Expanding the Circle
The talented mathematicians sat hunched over their calculations as they worked through a series of problems on an unseasonably warm Sunday afternoon last December. Sunlight streamed through the windows of the University of Virginia’s Charles L. Brown Science & Engineering Library, but no one, not even the small number cruncher wearing yellow soccer socks, shin guards and cleats, directed a wistful gaze outdoors as they wrestled with a triangular array of binomial coefficients known as Pascal’s Triangle.
It was only when Professor Slava Krushkal called for a short break that the 14 assembled students reverted back to elementary-school form. A few remained in pairs at their tables, dueling over graph paper as they played extra rounds of the Shannon switching game of strategy introduced earlier by Krushkal, a mathematics professor in UVA’s College and Graduate School of Arts & Sciences.
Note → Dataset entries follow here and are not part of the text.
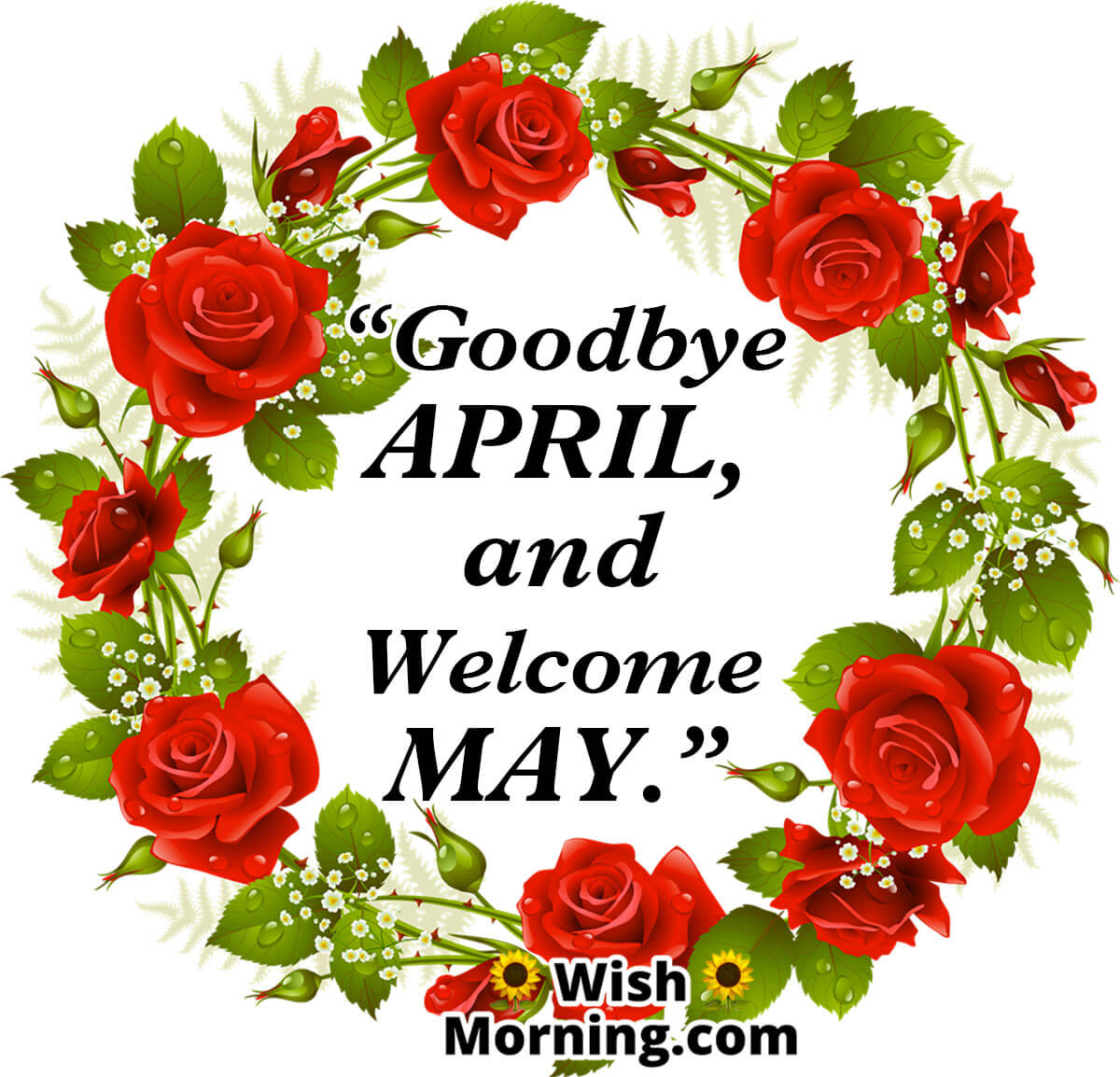 May Month Wishes Wish Morning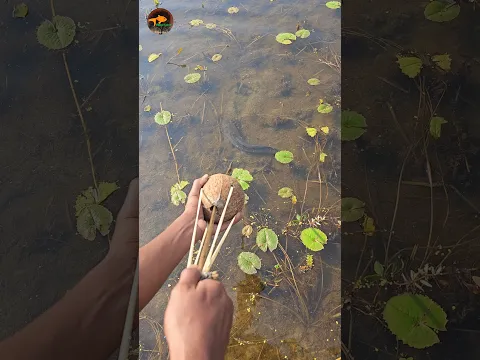 This Coconut Trick Really Works (Part_6) #fishing #shorts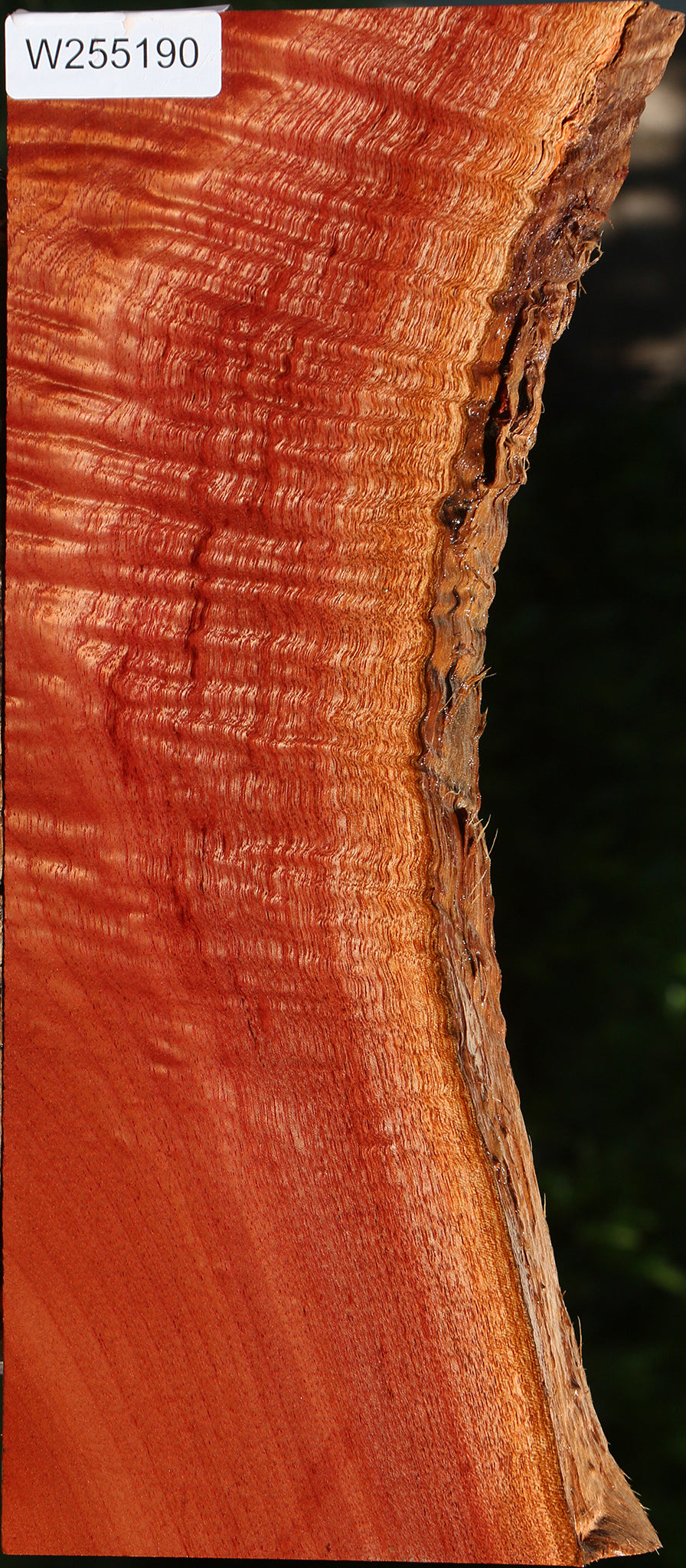 Extra Fancy Brazilian Pepperwood Live Edge Lumber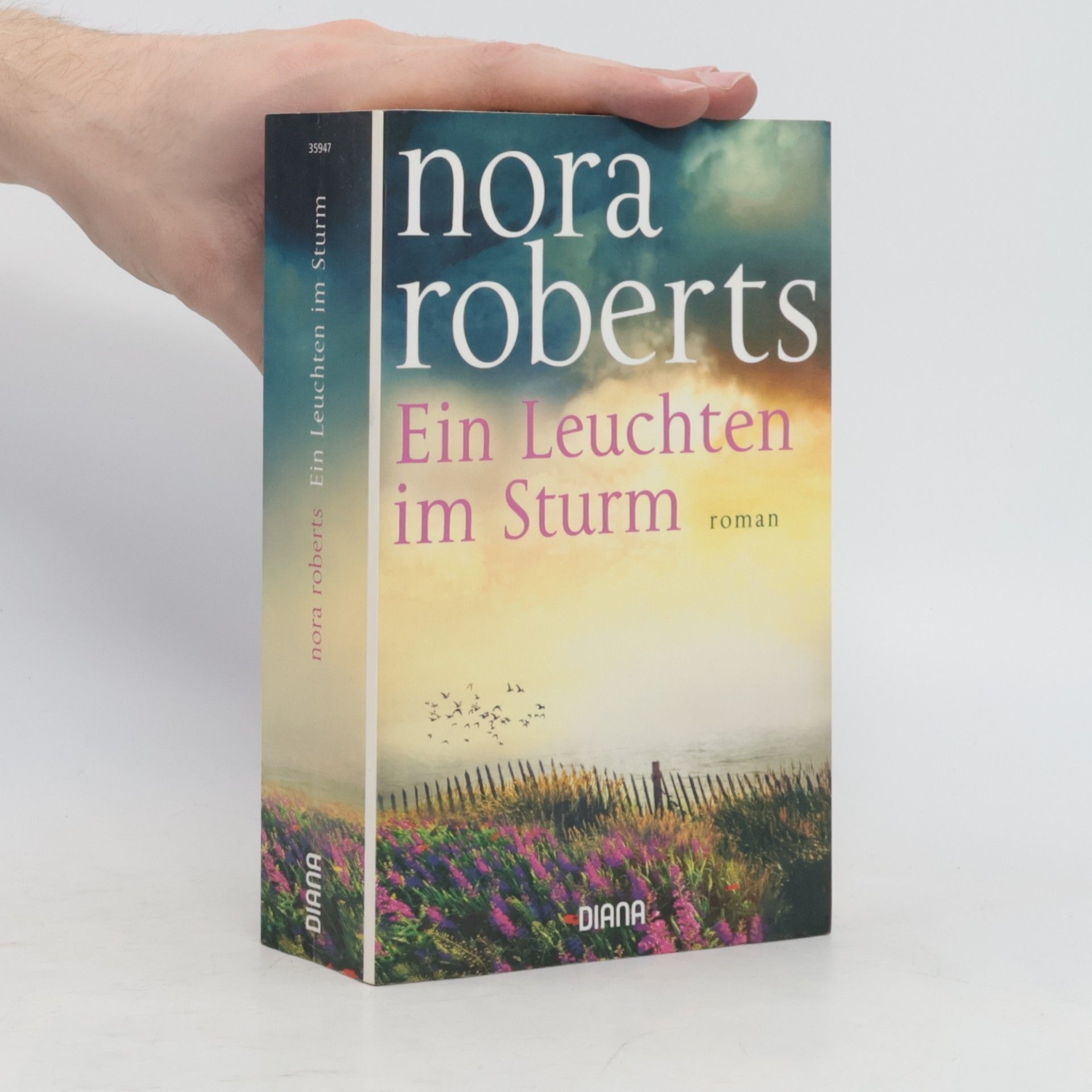 Ein Leuchten im Sturm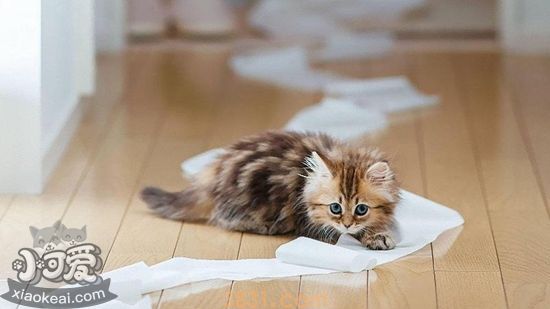 猫厕所怎么自制 猫厕所自制方法(图1)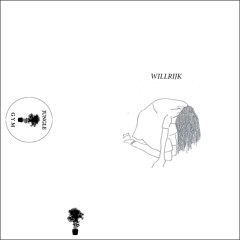 B1. Hidden In The Sun // Willrijk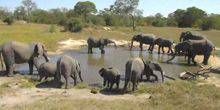 Elefanten an einer Wasserstelle im Krüger-Nationalpark Webcam - Hoedspruit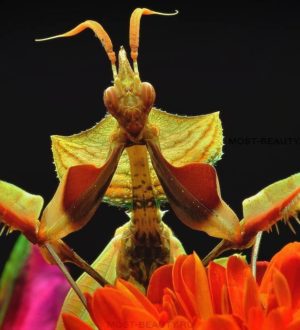 Удивительно красивые фото богомолов разных видов
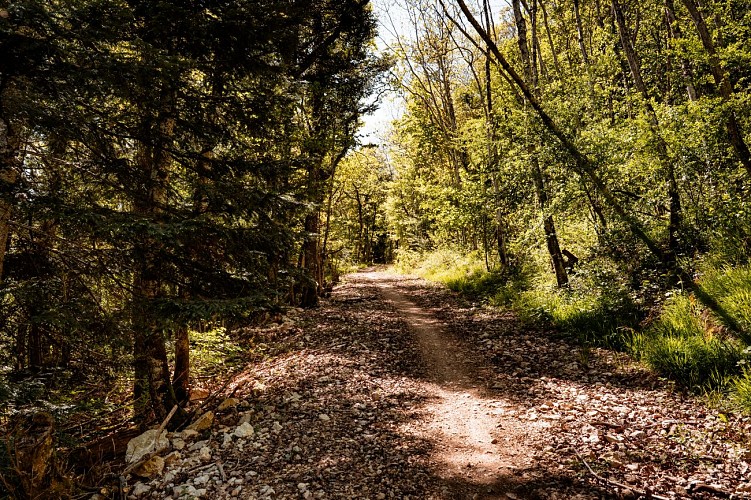 Anello a piedi : chemin du Funiculaire_Monnetier-Mornex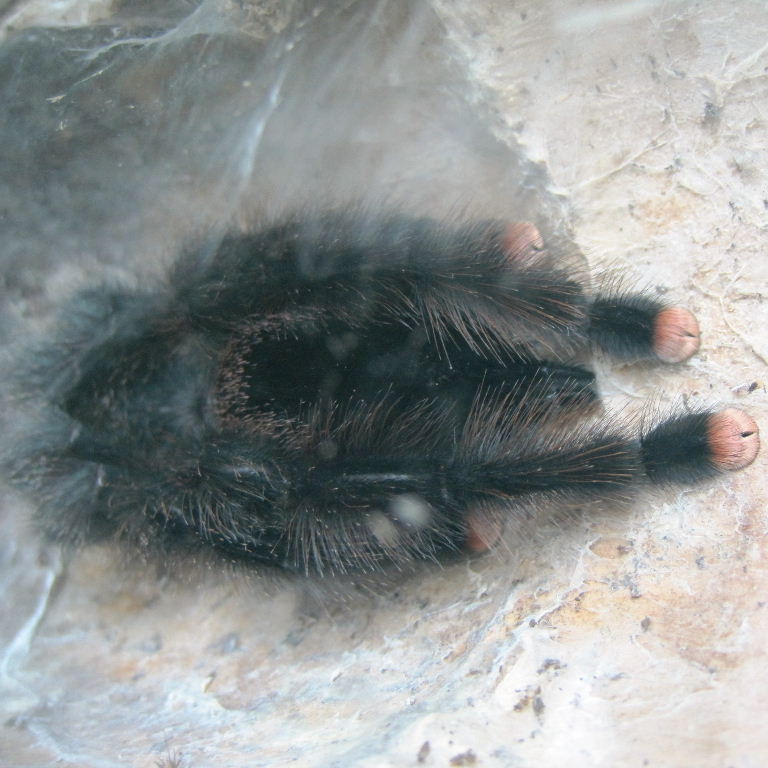 Pink-toed Bird-eating Tarantula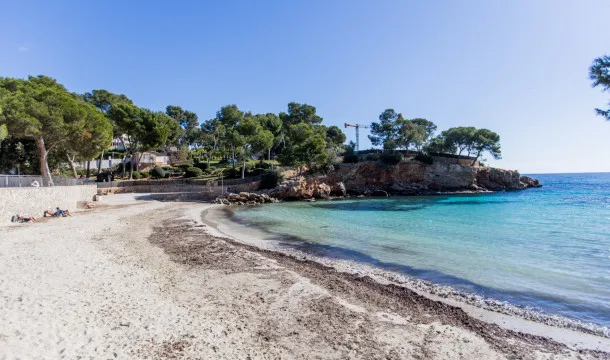 Opportunity in Portals Nous: House with Great Potential Near the Sea — photo 6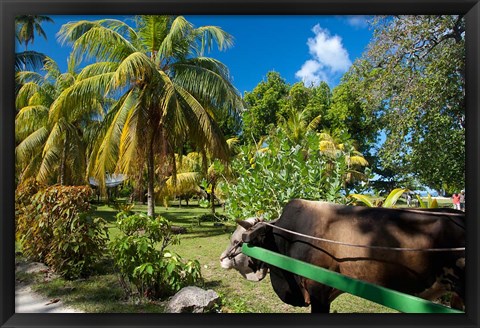 Framed Seychelles, La Digue, ox-cart transport Print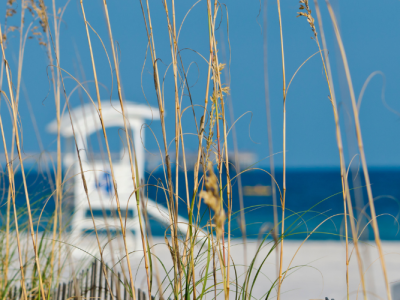 Finalists Announced for $50 Million Challenge to Support a Safer, More Sustainable Gulf Coast (UF HWCE)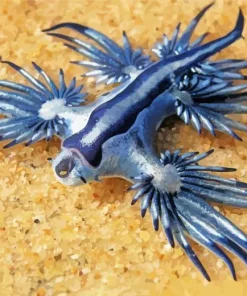 Glaucus Atlanticus 5D Diamond Painting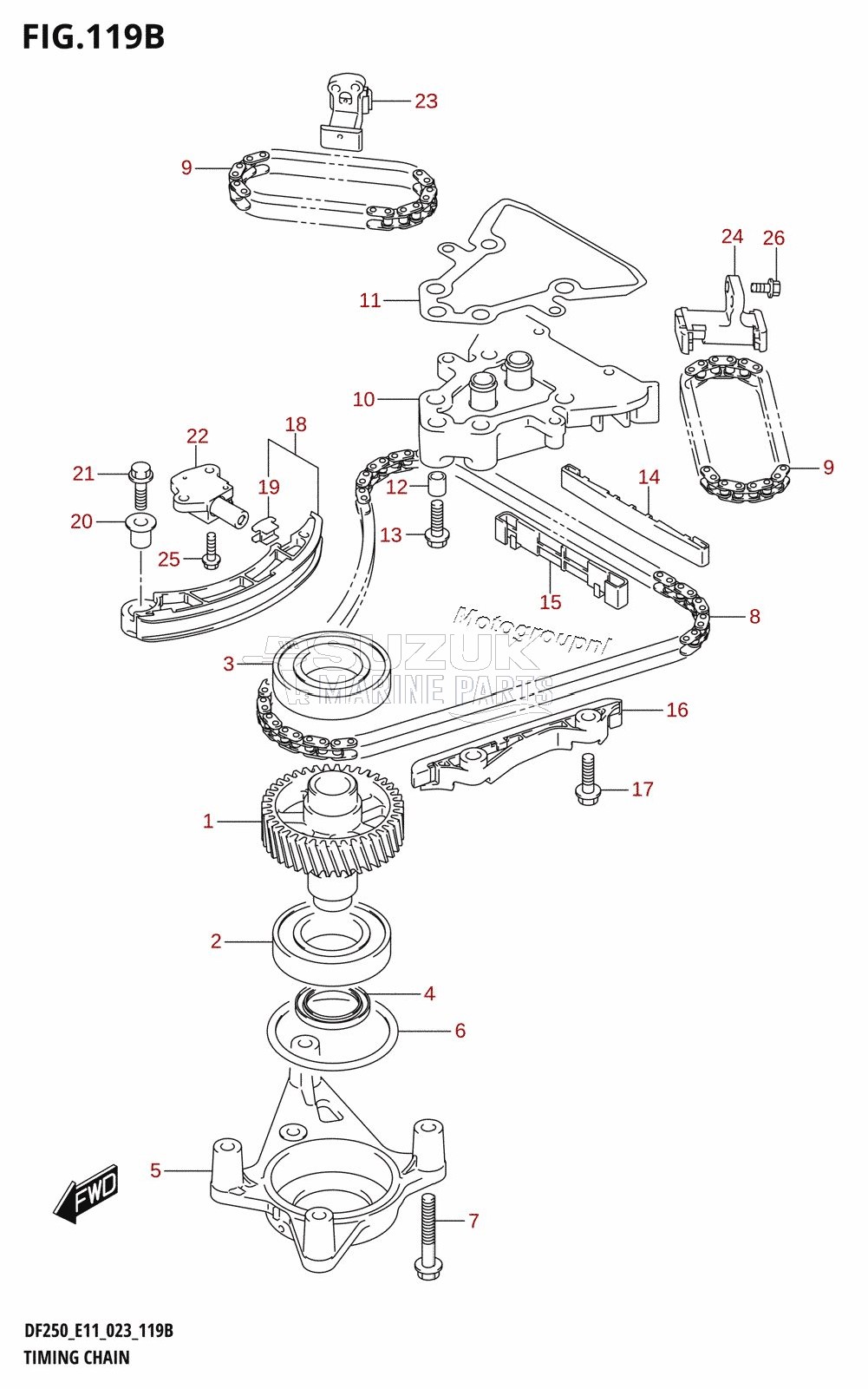 TIMING CHAIN (DF250ST)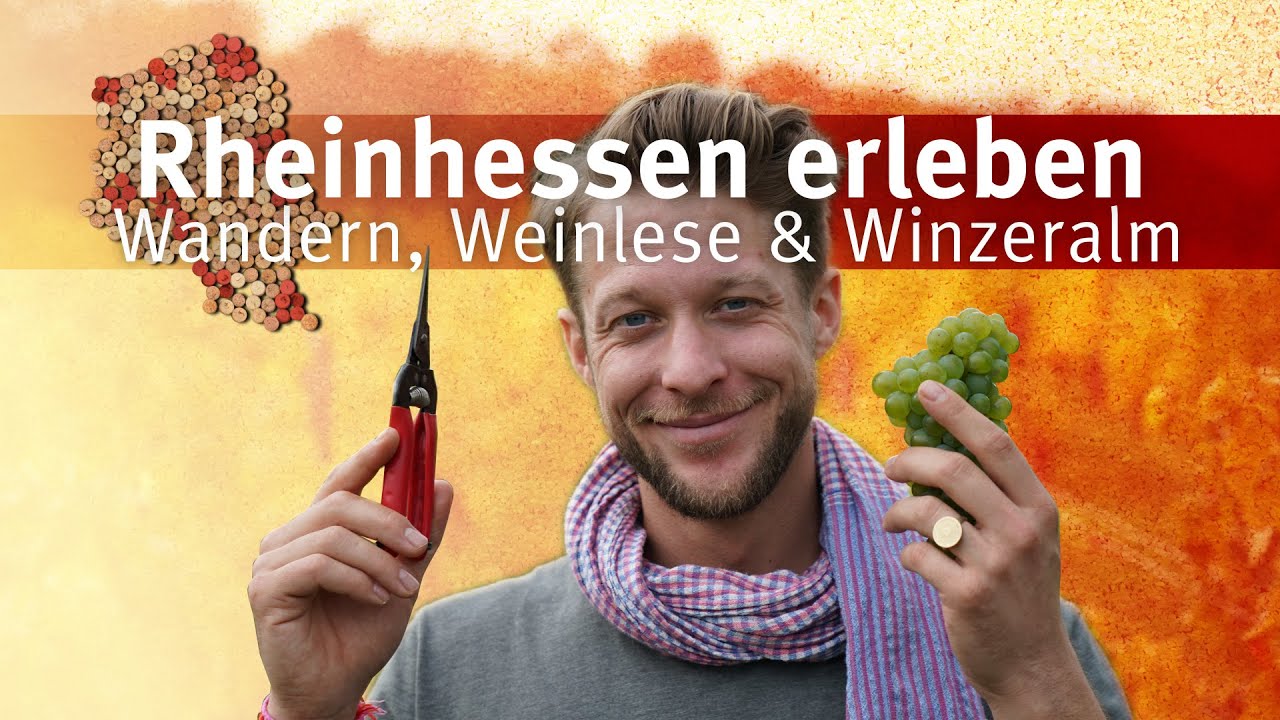 Rheinhessen erleben│Folge 7│Wandern, Weinlese & Winzeralm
The rest gravitated to the wheelchair ramp at the far corner of the room, giggling as they took turns hanging over the railings now serving as their own personal jungle gym.
“Graduate students will just sit down and work for hours on a problem, but I’ve learned that with kids, you have to entertain them and take breaks,” Krushkal says.
A different approach
Math-enrichment programs for interested young students are no longer uncommon in the United States. For the new Math Circle program that Krushkal launched last fall for 15 local 4th- and 5th-graders nominated by their schools, he looked for inspiration in his own educational experience growing up in Russia. As students achieved fluency in different mathematical concepts, the mathematics curriculum there stressed the importance of students honing their creativity as they think their way through increasingly difficult logic problems. The first Math Circles in the United States were organized by the Mathematical Sciences Research Institute in Berkeley, California. Today, there are more than 200 Math Circles around the country.
With the assistance of Gabriel Islambouli and Michael Reeks, two Ph.D. students in the Department of Mathematics, Krushkal organized a semester-long schedule of Sunday afternoon Math Circle sessions. Setting up the program, he received some guidance from the Curry School of Education, as well as from his faculty colleague and former Department of Mathematics chair Craig Huneke.
“We have many first-rate mathematicians at UVA, and the establishment of Math Circles allows us to use this talent to help K-12 students in our area,” Huneke said. “It is enormously empowering for children to think actively about the solution of mathematical problems, and to develop the solution themselves.
The goal of the program, Krushkal said, is to stoke the curiosity of young students who have displayed an early aptitude for mathematics, while steering away from the rote memorization that may accompany their traditional instruction.
“We are exposing them to logical problems, topology and other concepts that they may never see in school,” Krushkal said. “Some of the things we show them are practical applications of math to real things. Some of them are fun mathematical games that feature deep mathematical principles underneath.”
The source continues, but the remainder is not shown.